ABERCROMBIE & FITCH NOMINATES FOUR NEW INDEPENDENT DIRECTORS

FOR ELECTION TO THE BOARD FOR TOTAL OF SEVEN NEW INDEPENDENT

DIRECTOR NOMINEES IN 2014

Majority of Abercrombie & Fitch Board to Comprise New Independent Directors

Abercrombie & Fitch Enters into Settlement Agreement with Engaged Capital

New Albany, Ohio, April 30, 2014: Abercrombie & Fitch Co. (NYSE: ANF) (the “Company”) today announced that it will nominate for election to its Board of Directors four new independent director candidates: Bonnie R. Brooks, Sarah M. Gallagher, Diane L. Neal and Stephanie M. Shern. The Board retained a third-party search firm to assist in the search process for new independent directors with relevant experience.

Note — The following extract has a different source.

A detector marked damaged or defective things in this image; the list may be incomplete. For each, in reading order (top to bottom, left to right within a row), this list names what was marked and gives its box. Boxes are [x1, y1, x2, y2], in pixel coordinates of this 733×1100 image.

Incumbent directors Arthur C. Martinez, James B. Bachmann, Terry L. Burman, Michael E. Greenlees, Archie M. Griffin, Michael S. Jeffries, Charles R. Perrin and Craig R. Stapleton will stand for reelection at the 2014 Annual Meeting of Stockholders and the other four incumbent directors will not stand for reelection. With these changes, the Abercrombie & Fitch Board of Directors will comprise 12 directors, 11 of whom are independent, seven of whom have been added since January 2014, and all of whom are elected annually. The Company will present its director nominees in its definitive proxy materials, which will be filed with the Securities and Exchange Commission in due course.

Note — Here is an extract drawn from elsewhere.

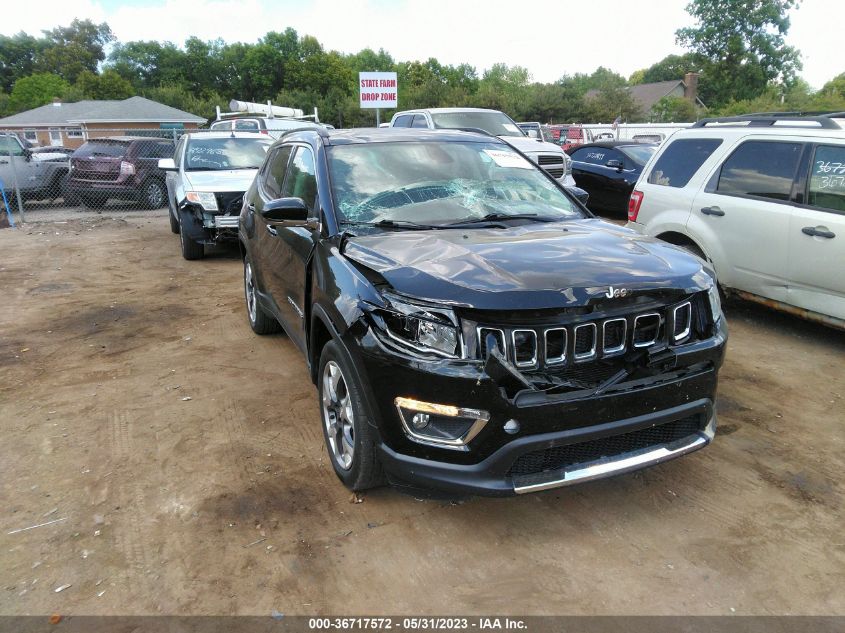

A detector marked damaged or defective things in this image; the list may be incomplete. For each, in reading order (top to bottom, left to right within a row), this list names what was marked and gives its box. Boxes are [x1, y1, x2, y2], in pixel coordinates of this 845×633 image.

damaged hood [185, 168, 260, 193]
damaged windshield [326, 141, 584, 227]
damaged hood [342, 218, 712, 310]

“Our new director nominees each bring strong and relevant backgrounds, and will add valuable experience and perspective to the Abercrombie & Fitch Board,” said Arthur Martinez, Non-Executive Chairman of the Board. “These actions will further enhance the Board and management team’s focus, including strengthening the business, executing on the Company’s strategic plans, and succession planning, as Abercrombie & Fitch moves into the next phase of its growth. I would like to take this opportunity to thank Lauren Brisky, Kevin Huvane, Jack Kessler and Liza Lee for their distinguished service to Abercrombie & Fitch.”

The Company and Engaged Capital have entered into a settlement agreement pursuant to which Engaged Capital has agreed to withdraw its notice of nomination of directors for election and will vote its shares in support of all of the Company’s director nominees at the 2014 Annual Meeting and abide by customary standstill provisions.

“We are very pleased to have worked constructively with the Company to this end and are delighted with the addition of these four new independent directors with significant retail and apparel experience, who together with the other three new directors, now make up a majority of the Board,” said Glenn Welling, Founder and CIO of Engaged Capital. “Since January, the Company has added seven new directors, appointed a new Chairman of the Board and terminated its shareholder rights plan. We believe these changes position the reconstituted Board to set a new direction for the Company and execute upon an agenda focused on shareholder value creation.”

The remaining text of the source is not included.